As I have acknowledged there are a large number of disgruntled young engineers in the industry right now. Having read the passion of their views on the profession, news of this survey will no doubt prompt them to throw their copy of NCE to the floor.
And maybe they have a point. I sympathise with any student who is not able to find a post graduate job. I sympathise with any graduate whose employer is not rewarding them in the manner they feel appropriate. I sympathise with any engineer at any point in their career who has found themselves a victim of this recession.
But this is why I find the findings of surveys so heartening. Of course it is just a snap-shot and reflects average trends.

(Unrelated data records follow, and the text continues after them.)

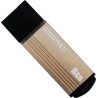 MEMORIE USB 2.0 KINGMAX 8 GB, cu capac, carcasa aluminiu, negru / auriu, "KM-MA06-8GB/Y" (timbru verde 0.03 lei)
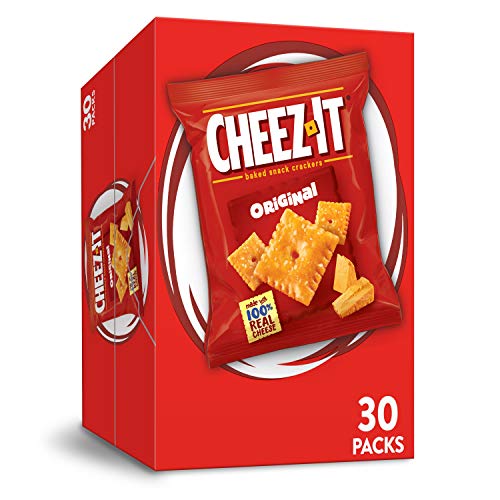 Cheez-It Original Cheese Crackers - School Lunch Food, Baked Sna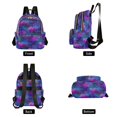 thumbnail image 4 of FORMRS Mini Backpack Purse for Women Quilted Travel Daypack Casual Shoulder Bag, Purple Galaxy Pattern, 4 of 7
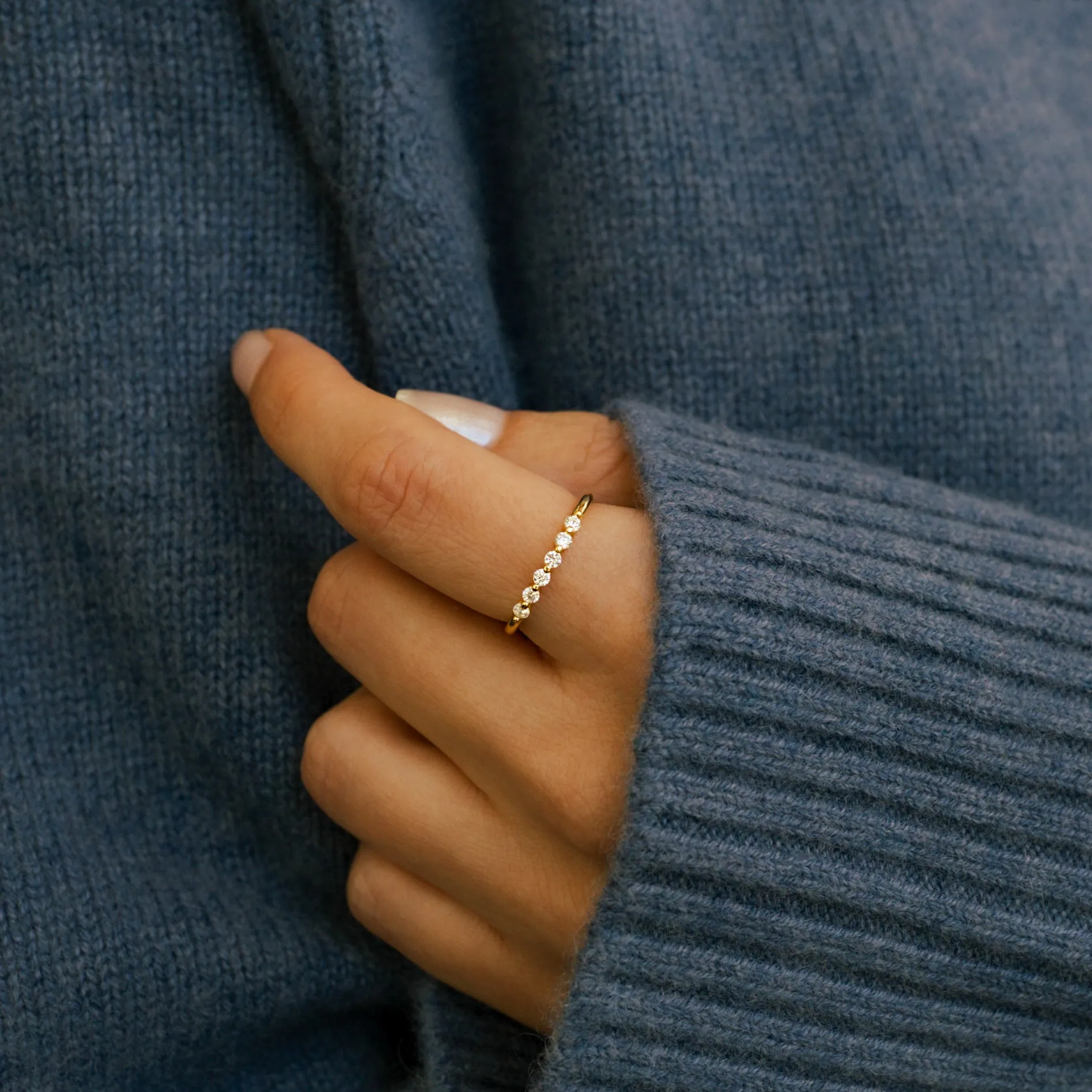 Brilliant Floating Diamond Ring sold by Mint & Lilly product image thumbnail 2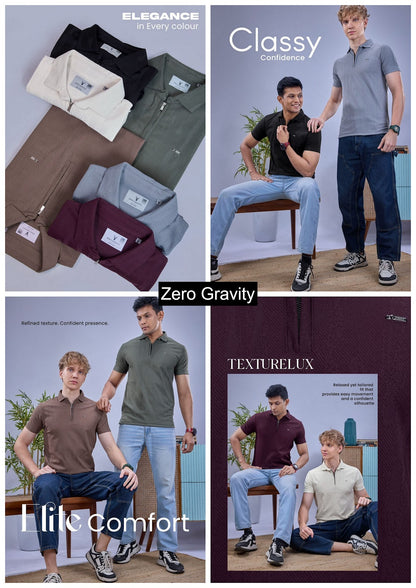 Vol 6235 To 6240 Zero Gravity Jacquard Knit Mens Tshirts Supplier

But it does show that the market is turning and that engineering is well placed to capitalise early.
That said employability remains very much about the ability to sell your talents. And beyond the stats, the AGR survey also provides some useful insight into the minds of employers. It is insight that I would insist any young engineer seeking their dream job should heed and it reiterates much of the advice in our annual NCE Student Guide.
Firstly, make sure that you find out as much as you can about a potential employer and their business/sector before speaking to them - and practice your pitch.
Secondly, be flexible and prepared to relocate if necessary to suit the needs of a potential employer.
And finally, to improve employability, don’t shy away from temporary work, training or even unpaid work while you wait for a job offer.
“The market is building and the demand for talent is growing.”
I took part in an online careers panel organised by the Guardian newspaper last month during which I was asked about the essential qualities to be a civil engineer.
I said the best civil engineers are great communicators, networkers, passionate persuaders but expert diplomats. While finding the solution is important, selling it to the client gets you paid.
Precisely the same skills are required when securing a job. The market is building and demand for talent is growing. So go out and sell yourself.